Neste mês de outubro faz quinze anos desde que uma das mais brilhantes mentes da indústria dos videogames nos deixou. Estou falando do homem por trás de algumas das maiores revoluções da história da Nintendo, e que hoje é lembrado apenas como "o cara que criou o Virtual Boy". Oriundo da Doshisha University, no Japão, ele precisou trilhar seu caminho a partir do setor de faxina da Nintendo, para, só mais tarde, ocupar seu posto no topo da divisão de pesquisa e desenvolvimento da citada empresa.

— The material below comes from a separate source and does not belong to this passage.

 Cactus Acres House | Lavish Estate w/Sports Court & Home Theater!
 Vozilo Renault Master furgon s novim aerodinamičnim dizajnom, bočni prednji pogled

A coluna Developers de hoje apresenta a vida e a obra de Gunpei Yokoi, um artista simples, visionário, muito criativo e que merece bem mais do que a já citada frase infame em seu epitáfio.
Quem arrisca vence
Nascido em 10 de setembro de 1941 e morto em 04 de outubro de 1997, Gunpei Yokoi foi um verdadeiro gênio. Seu nome representava para a Nintendo o mesmo que nomes como Shigeru Miyamoto, e a razão disso era simples: Yokoi era um senhor audacioso. Como outros gênios, ele não se limitava a pensar dentro de um conjunto de normas preestabelecidas, ele criava as próprias regras. Essa característica é tão marcante em sua vida que, graças a ela, Yokoi foi do topo para o fundo do poço.
Antes de falarmos das tragédias que cercaram seus últimos dias, vamos lembrar os momentos de glória.

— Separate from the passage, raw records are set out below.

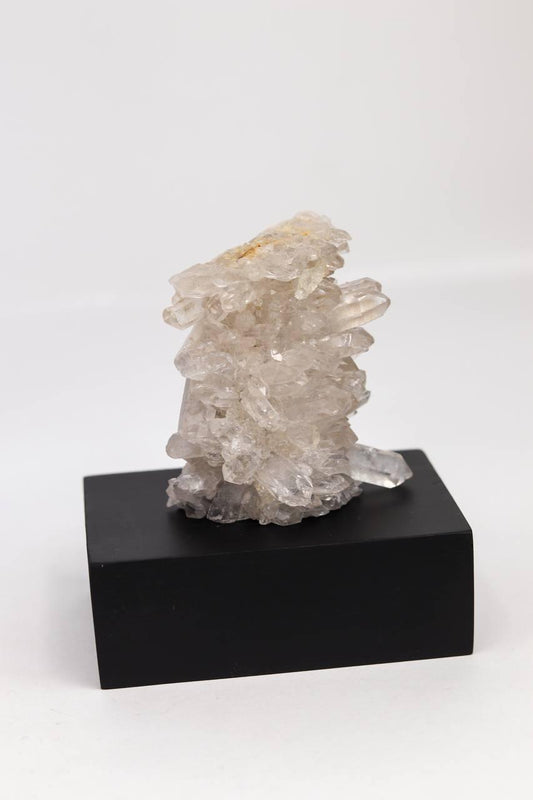 Drusa de Cristal na Base de Madeira Preta 150 a 200 gramas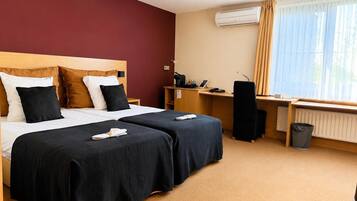 Standard Twin Room | Down comforters, minibar, in-room safe, desk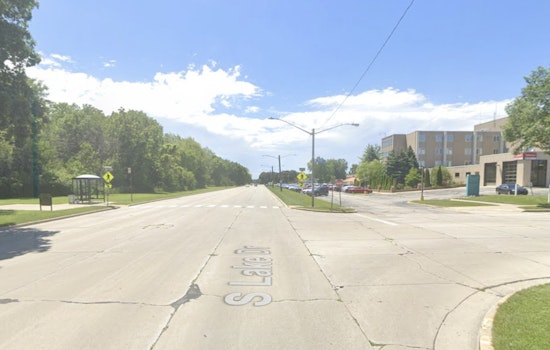 Runner Struck by Vehicle in Chain-Reaction Crash During Milwaukee Lakefront Marathon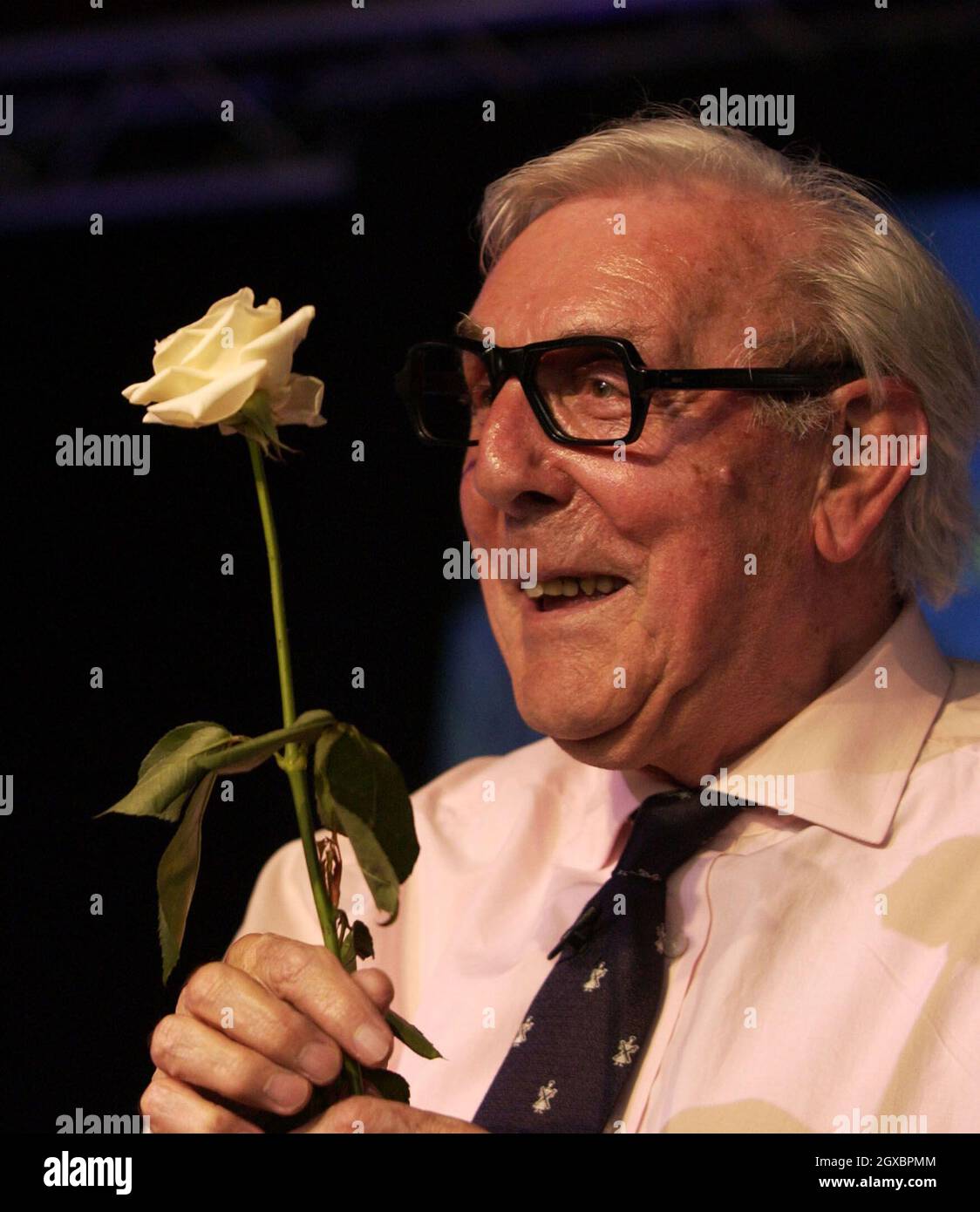 Il comico Eric Sykes parla al Festival letterario di Hay. Foto Stock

A sua relação com a Big N começou muito cedo, ainda na época "pré-Game & Watch". Falando em Game & Watch, você sabia que foi Yokoi quem inventou o famigerado D-Pad (o famoso direcional em forma de cruz) e, literalmente, mudou a direção de toda a indústria?
A sua relação com a Big N começou muito cedo, ainda na época "pré-Game & Watch". Falando em Game & Watch, você sabia que foi Yokoi quem inventou o famigerado D-Pad (o famoso direcional em forma de cruz) e, literalmente, mudou a direção de toda a indústria?

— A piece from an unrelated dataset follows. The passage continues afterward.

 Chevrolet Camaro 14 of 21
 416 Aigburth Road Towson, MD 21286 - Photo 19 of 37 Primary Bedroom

Tudo começou ainda nos primeiros anos da década de 1970, quando o então presidente da Nintendo, Hiroshi Yamauchi, descobriu o talento de Gunpei Yokoi em uma fábrica das antigas cartas Hanafuda, a principal fonte de renda da Nintendo na época. O talento em questão era referente à habilidade de Yokoi com alguns brinquedos que ele mesmo fabricava – vale lembrar que, na época, ele era apenas o "homem da faxina e da manutenção". Como grandes talentos logo se tornam notáveis, Yamauchi decidiu investir em Yokoi, e assim surgia o novo brinquedo da Nintendo, a Ultra Hand (imagem ao lado), uma espécie de braço mecânico que rapidamente se tornou uma febre no Japão. A partir de então, Yokoi passou a trabalhar na produção de novos brinquedos para a série Ultra, que ainda incluía uma Ultra Machine e uma Ultra Scope.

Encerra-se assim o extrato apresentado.